The fact of the matter is, yes, Catholics (those who are seeking to be in accord with Christ's church) don't have sex before marriage for the completely opposite reason. Instead of sex being something dirty to be avoided in the purist of puritanical senses, sex is something wonderful, mysterious, and a gift. Instead of cheapening it by wielding it as slightly better than a handshake, the Catholic ideal is to seek to save it as something precious like a lace handkerchief that is presented at the right time to the deserving Beloved.
Or even better, let me use this analogy. Imagine for a minute that sex is like a gift-wrapped package with a fragile glass egg inside. Each time you hand that package to a new person and it is reopened, how long will it be before it becomes impossible to properly re-wrap it in its original wrapping? How much so will the fragility of the glass egg succumb to its abuse? Eventually, you the gift-giver give up on giving away anything other than a grotty gift. Eventually too, the recipient has to notice the lack of value that the package has anymore and that the beautiful glass egg that was inside has lost its luster.
This is not to say there isn't hope for those who have already handed their present away, or had their egg chipped away at. That is, in fact, a discussion for another time and is concerned with the unique expertise of Christianity: Forgiveness. However, you must recognize there is something wrong before one can even seek forgiveness.
Does this current generation, I am a part of, care so much for transient pleasures and having their desires fulfilled instantaneously that they can't engage in any noble ventures anymore? What happened to the ideal lover who saved her heart in a music box when her beloved departed on a journey for years, only to hand it back to him upon his return? What happened to the Beloveds who lock away their heart with a key of steeled resolve, so that when their special lover arrives, they can nobly open the lock on their heart?

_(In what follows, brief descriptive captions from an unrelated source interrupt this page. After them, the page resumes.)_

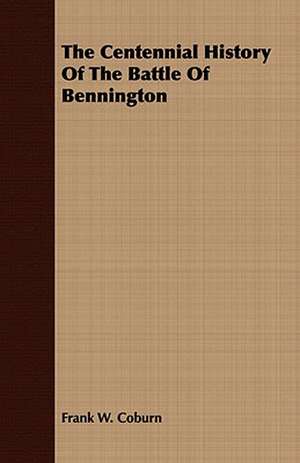 The Centennial History of the Battle of Bennington: With Remarks Upon the Decrease of Trout and Proposed Re de Frank W. Coburn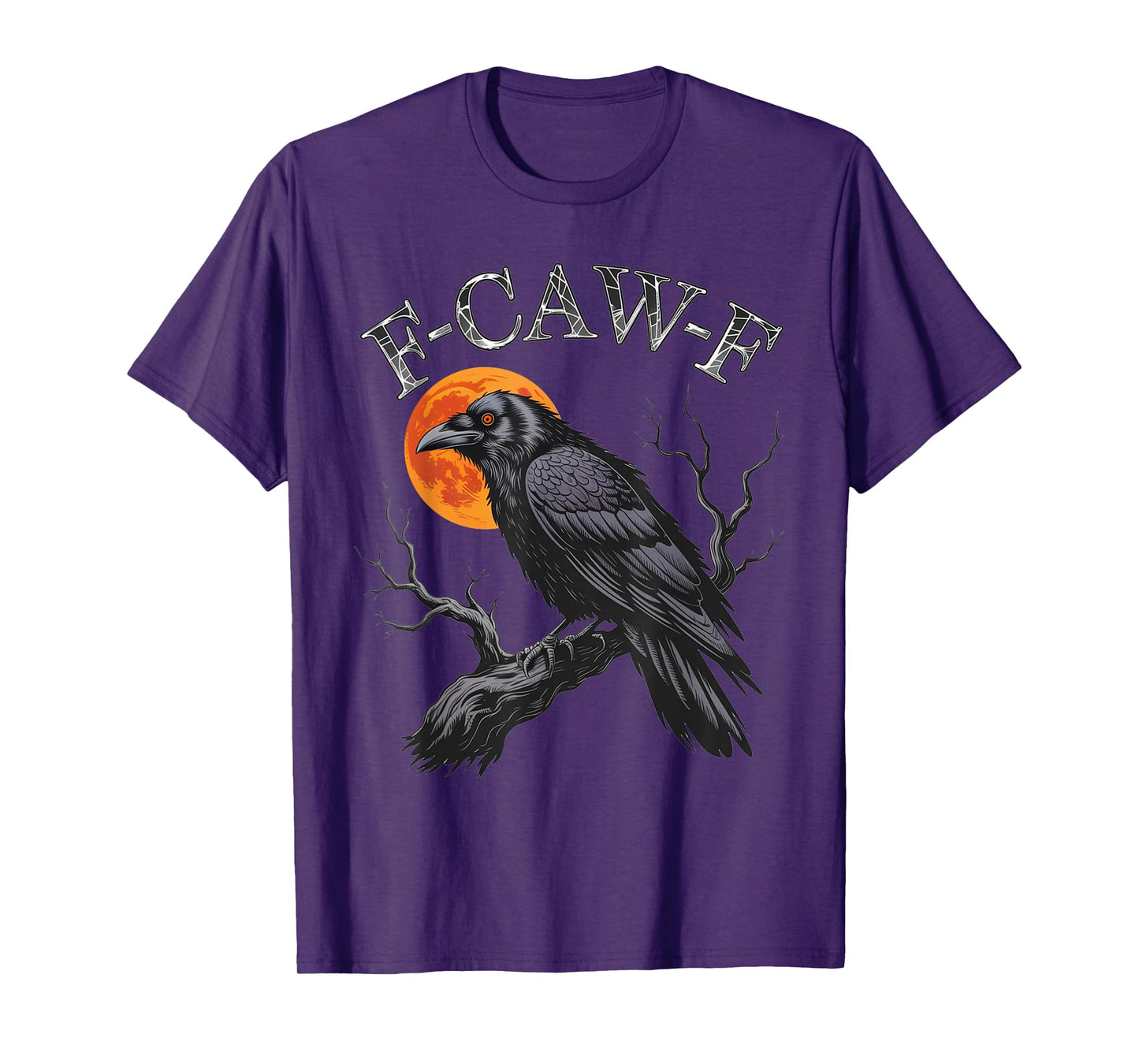 Black Crow F-Caw-F Funny Halloween Moon Gothic Adult Humor T-Shirt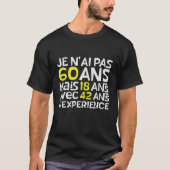 Je N'Ai Pas 60 Ans Mais 18 Ans Avec 42 Ans Tシャツ (正面)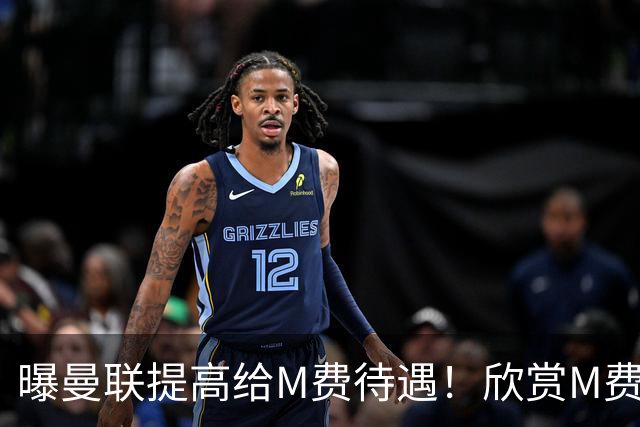 曝曼联提高给M费待遇！欣赏M费六大原因揭秘，但拉爵在估值上失算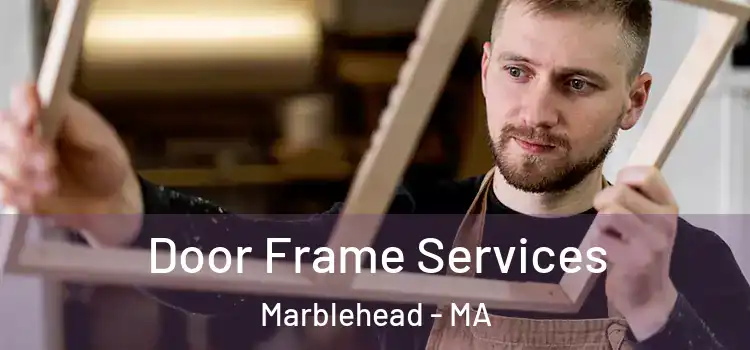 Door Frame Services Marblehead - MA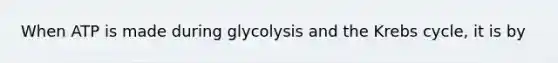 When ATP is made during glycolysis and the <a href='https://www.questionai.com/knowledge/kqfW58SNl2-krebs-cycle' class='anchor-knowledge'>krebs cycle</a>, it is by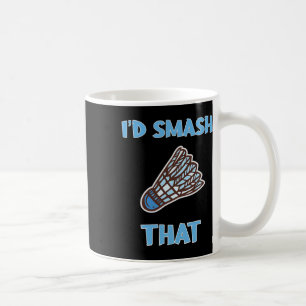 Caneca De Café Eu esmagaria aquele Badminton engraçado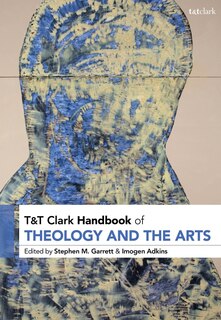 Front cover_T and T Clark Handbook of Theology and the Arts
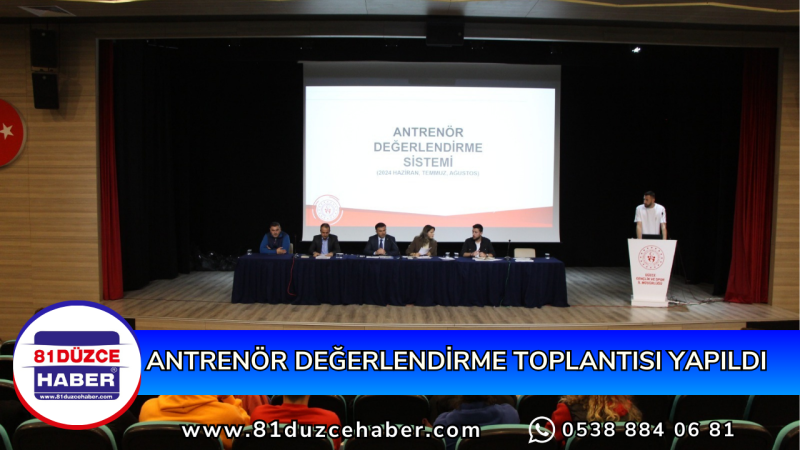 ANTRENÖR DEĞERLENDİRME TOPLANTISI YAPILDI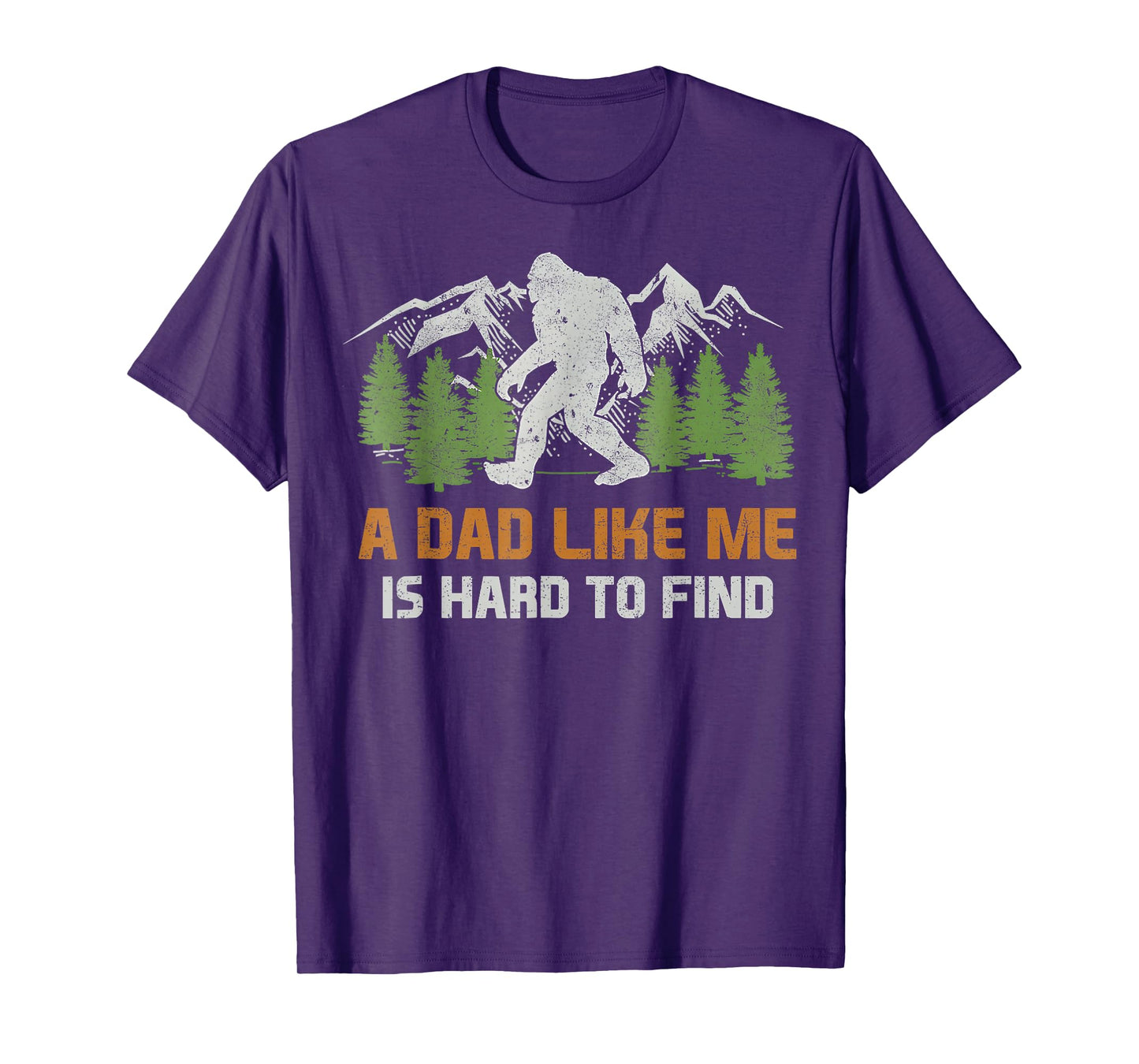 Funny Bigfoot Dad A Dad Like Me Is Hard To Find Father's Day T-Shirt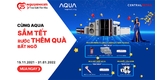 Cùng AQUA Sắm Tết - Rước Thêm Quà Bất Ngờ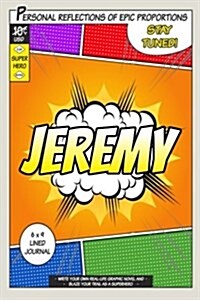 Superhero Jeremy: A 6 X 9 Lined Journal (Paperback)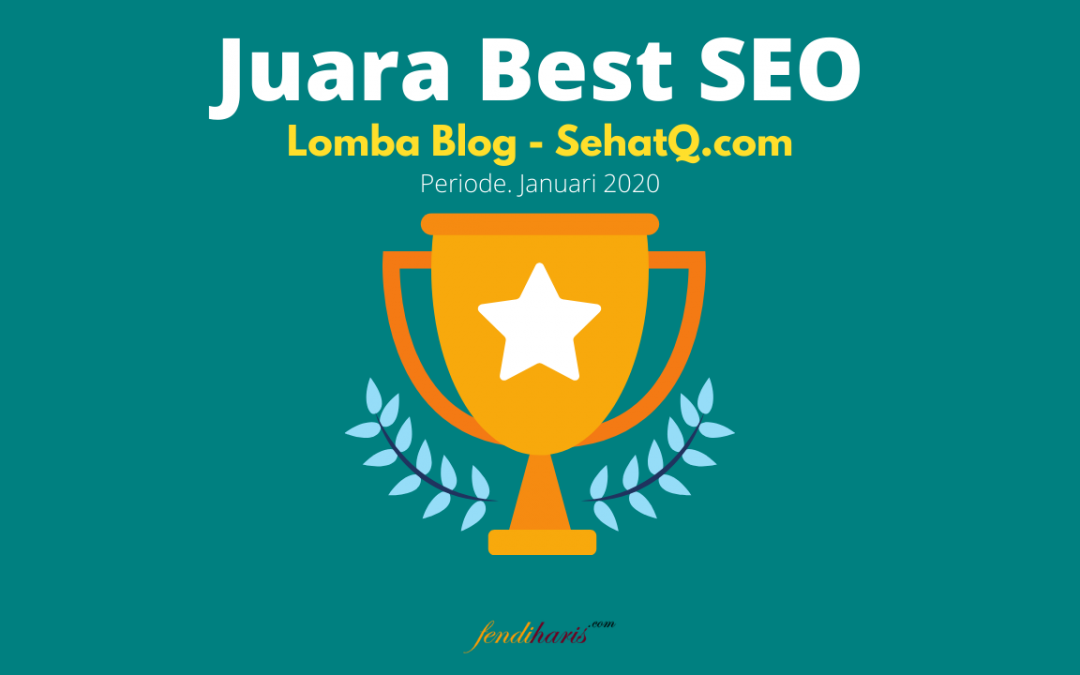 Juara Best SEO – Lomba Blog SehatQ – Januari 2020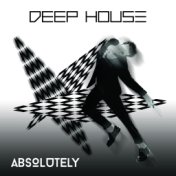 Absolutely Deep House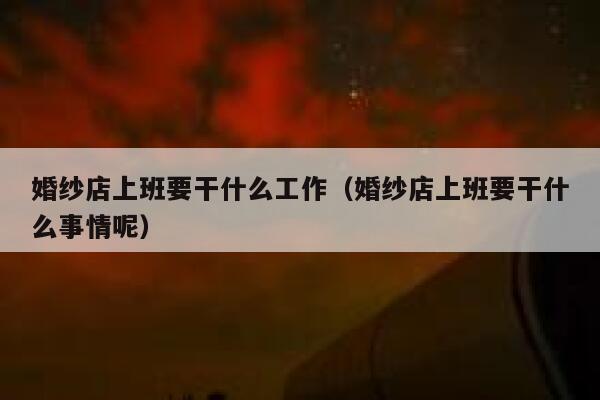 婚纱店上班要干什么工作（婚纱店上班要干什么事情呢） 第1张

Both the noble concepts of the Lovers and Beloveds are lost on those with secular eyes. The secular eye sees only this world and its relation to itself. It, as a matter of fact, rests on the forehead staring inward and is useless for anyone but the self and even in that fashion is severely limited. However, the Christian eye branches into a level of third-eye understanding as it stares into eternity unblinkingly equipped with love as a sword and shield to overcome its enemies. Until the secular eye can be transformed into or exchanged for the Christian third-eye, the two parties can apparently never see eye-to-eye so they can look blissfully into eternity together.